Ωのジャコモは、やはりΩだった父(この場合母なのかしら?)が自死し、孤児院を出てからは掏摸をして生活をしている浮浪児。父の情交を盗み見てしまってからは「いつかあのようになる」のが恐ろしくてたまりません。彼はダ・ヴィンチを探し当て、自分の体の秘蜜を解き明かす様、ナイフで脅しますが、軽くいなされてしまいます。しかし、ダ・ヴィンチはジャコモを自分の工房に連れ帰り、弟子として迎え入れてくれます。月日は流れてジャコモは16歳になりますが、ヒートはまだ現れていません。ダ・ヴィンチの元で手伝いをしていますが、絵を描かない彼は他の弟子達に「師匠の稚児」と嘲られています。人と違う体の自分に分け隔て無く向き合ってくれるダ・ヴィンチに思慕の念を抱くジャコモは、自分がいることで再びダ・ヴィンチが男色の罪に問われる事を恐れ、彼の元を去ろうとするのですが……
オメガバースって『可哀想な境遇に生まれついてしまった主人公』という、少女小説の流れを汲んでいる様な気がします。それほど読んでいないのですが、このお話はその王道じゃないかと。

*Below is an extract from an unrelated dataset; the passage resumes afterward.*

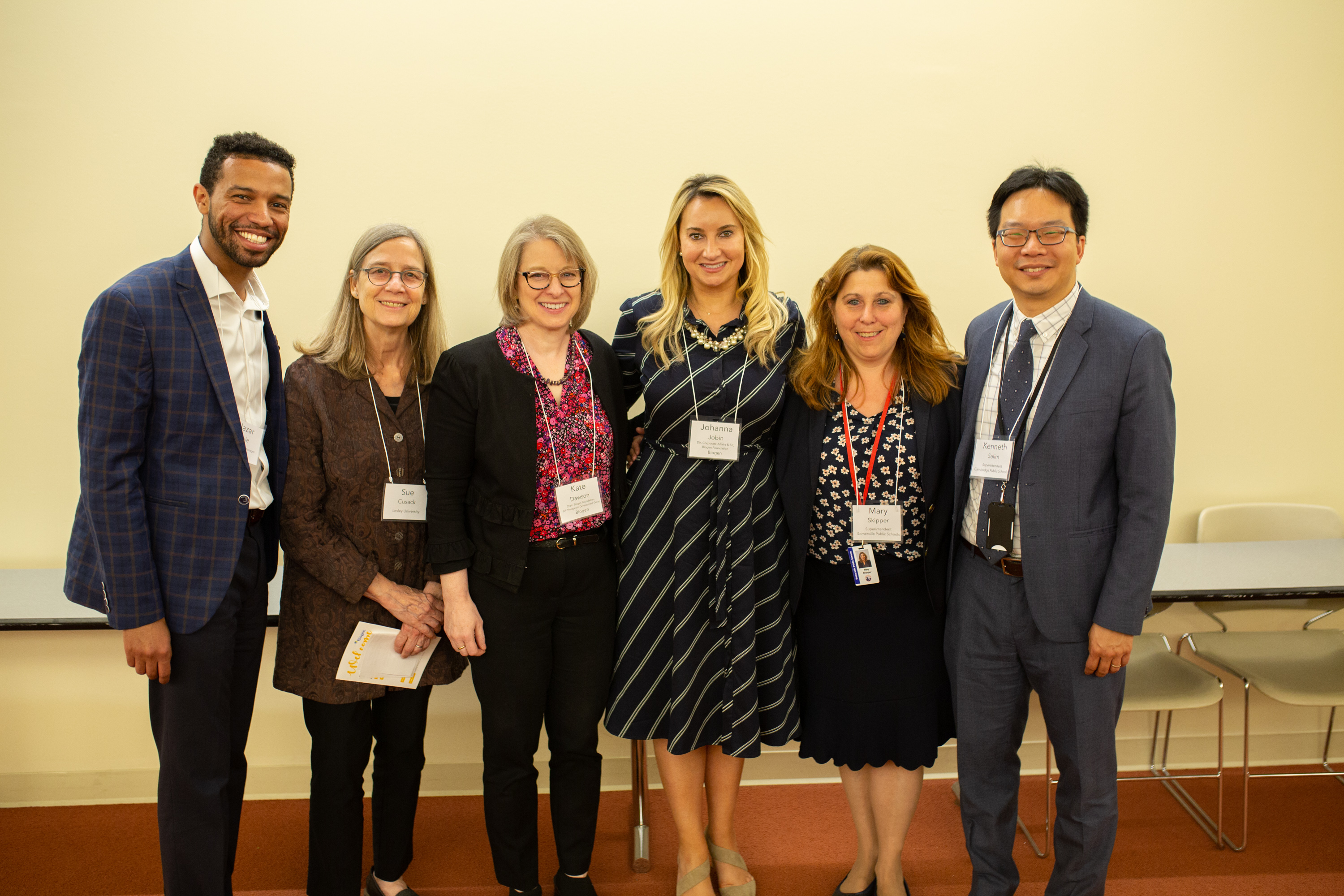 A group of officials pose for a photo at the Biogen showcase.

劇的な事件が起きる訳ではありませんが、父との関係や社会の偏見によって傷ついている主人公が、大きな愛情に包まれて癒されていく様子がとても気持ち良かったです。
あとね、冒頭にも書きましたけれどやっぱり「あのダ・ヴィンチが!」っていう所ですよね。
ヒート前に『番』の話を聞いたダ・ヴィンチがジャコモのうなじに噛みつくシーンがあるのですが(全然色っぽくないシーンですよ)「え?番っていうのがあるの?ふーん……ガブッ(好奇心)」という感じで「ああ、これダ・ヴィンチだぁ……」と思ったのが、私のこのお話の一番の萌えツボでした。
『受胎告知』とか、今までとは見る目が変わってしまいそうだなぁ。